## Work instruction
When you retype the data, keep every word exactly and include none of the pictures.

## Recorded data
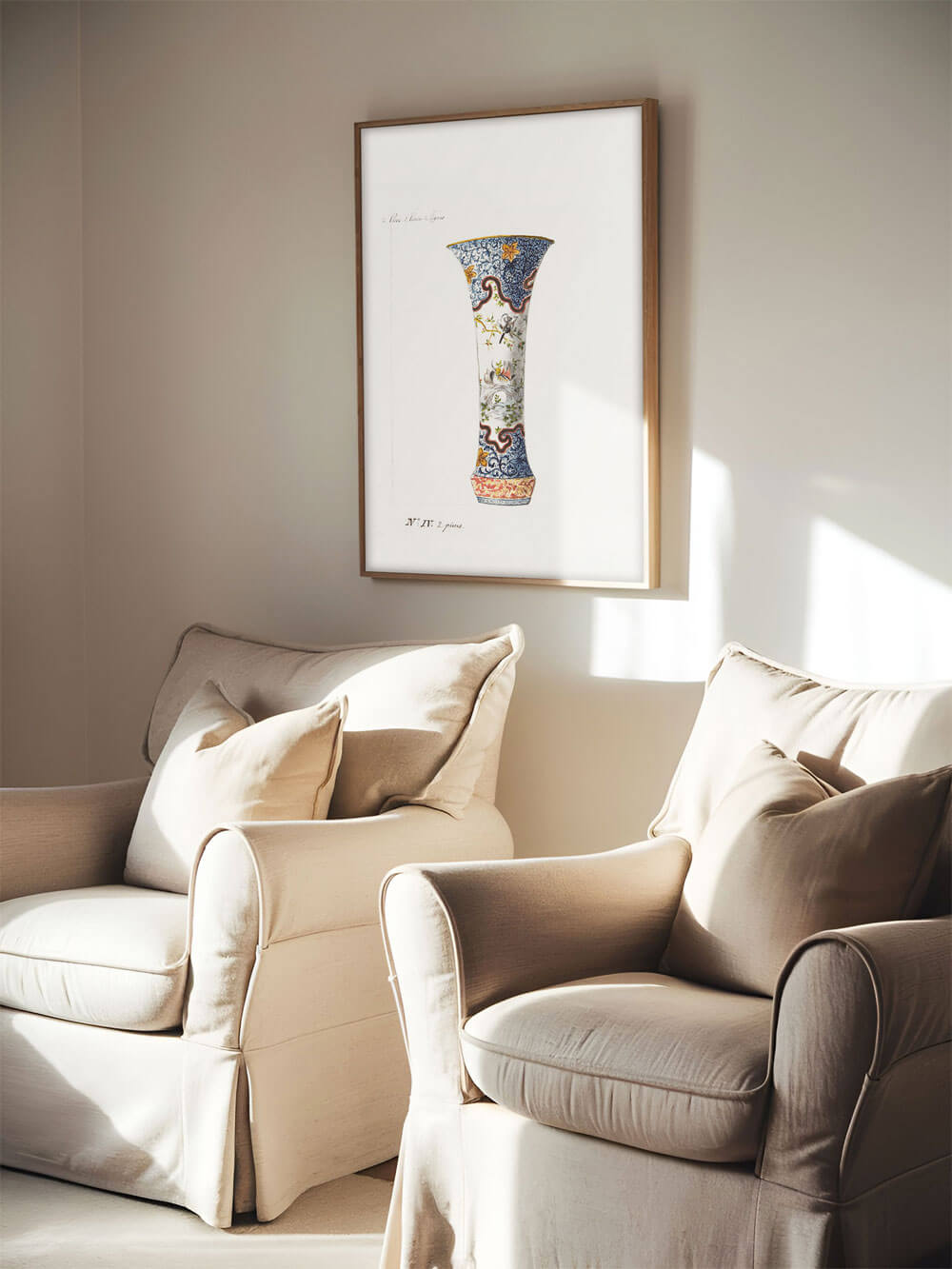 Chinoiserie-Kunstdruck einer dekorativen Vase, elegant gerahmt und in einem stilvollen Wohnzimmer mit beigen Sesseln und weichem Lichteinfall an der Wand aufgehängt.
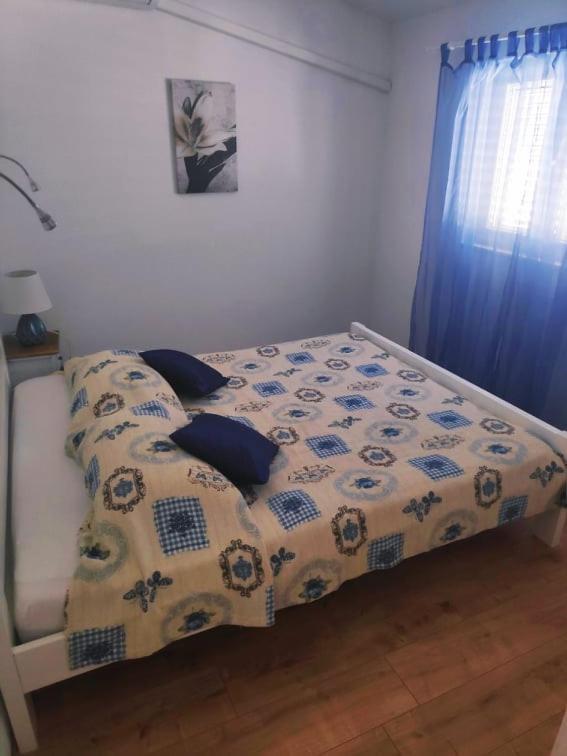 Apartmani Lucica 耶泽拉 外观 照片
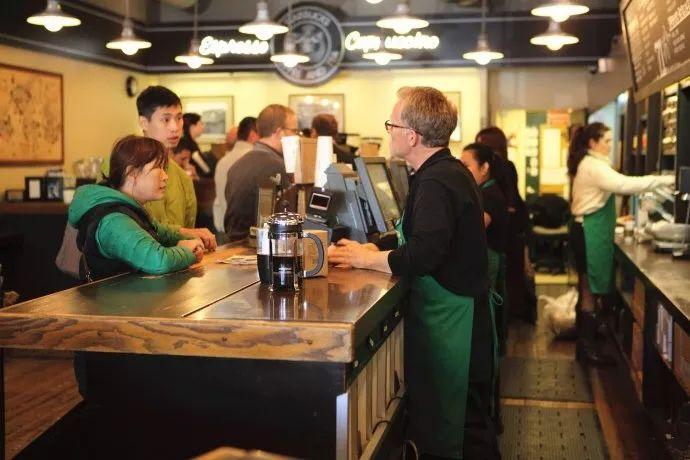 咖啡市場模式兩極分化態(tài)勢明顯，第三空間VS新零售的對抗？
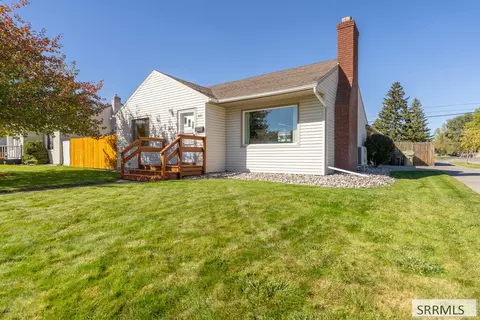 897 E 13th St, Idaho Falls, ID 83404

## Exercise solution
 Chinoiserie-Kunstdruck einer dekorativen Vase, elegant gerahmt und in einem stilvollen Wohnzimmer mit beigen Sesseln und weichem Lichteinfall an der Wand aufgehängt.
 Apartmani Lucica 耶泽拉 外观 照片
 咖啡市場模式兩極分化態(tài)勢明顯，第三空間VS新零售的對抗？
 897 E 13th St, Idaho Falls, ID 83404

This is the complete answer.